Lu dans le « Journal de Rouen » de septembre 1915.
Le cas d’un forçat patriote
Le 9 août dernier, des agents de la sûreté amenaient, à la prison de la Santé à Paris, un caporal du 14e Territorial, encore mal remis des ses blessures. Cet homme [X…]né à Paris, appartenait à une famille fort honorable. Il avait bravement combattu dans les tranchées. Mais son passé était lourd de condamnations et même il était sous le coup de la peine terrible de la relégation…Il s’était évadé du bagne il y a quelques vingt ans. Depuis lors il vivait en paix au Vénézuela. Il y exerçait le métier de commissaire en café et jouissait de la considération générale.
A la déclaration de guerre, il s’embarqua de suite pour la France. Dès son arrivée, grâce à d’excellents certificats, il réussit à contracter un engagement.

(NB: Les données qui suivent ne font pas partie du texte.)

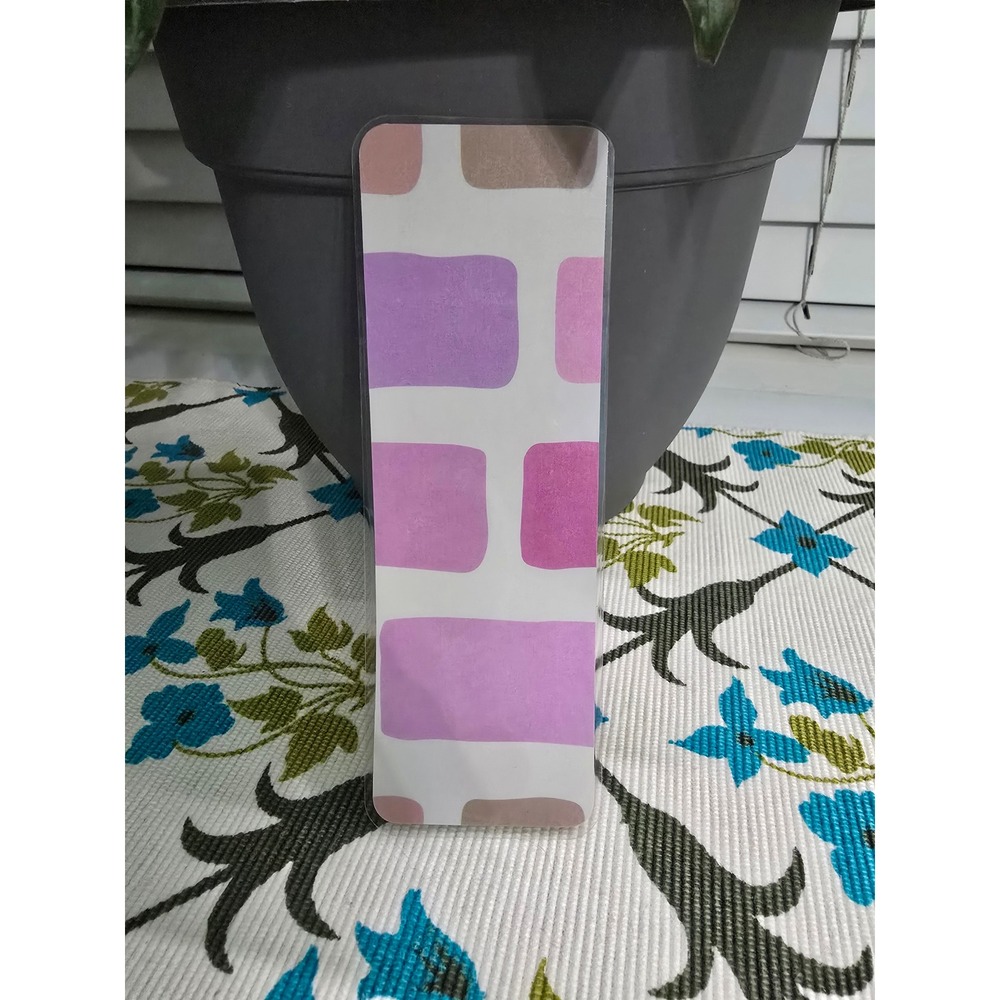 Pink Geometric Pattern Laminated Bookmark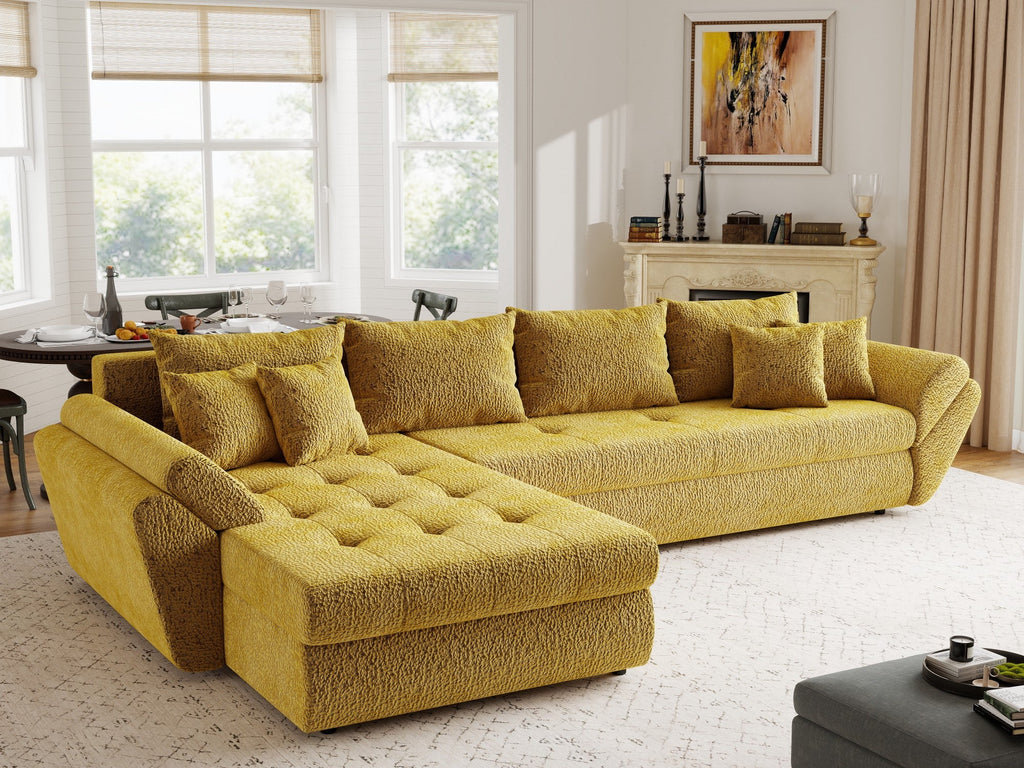 Colțar extensibil dumonde cu ladă de depozitare si sezut confortabil din spuma high-density, Loana XL Jaguar Galben Mustar 335x185 cm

Envoyé sur le front, il s’y battait depuis huit mois quand, lors des combats en Artois, il fut blessé. Évacué sur Auray, il regagna, après guérison, son dépôt et fut dirigé sur Boulogne.
Il était sur le point de repartir pour la ligne de feu, quand la police – à la suite d’une dénonciation anonyme – se mit à sa recherche et l’appréhenda. Il fut conduit à Paris et réincarcéré.
Avant hier matin, le malheureux a été dirigé sur le dépôt des prisonniers de la Rochelle, d’où partent, on le sait, les convois pour la Guyane.
En vain, en effet, il a demandé à être renvoyé sur le front. Cette faveur lui a été refusée. Dura Lex, sed lex. Le forçat patriote ne pourra donc trouver, au champ d’honneur, la réhabilitation suprême qu’il espérait.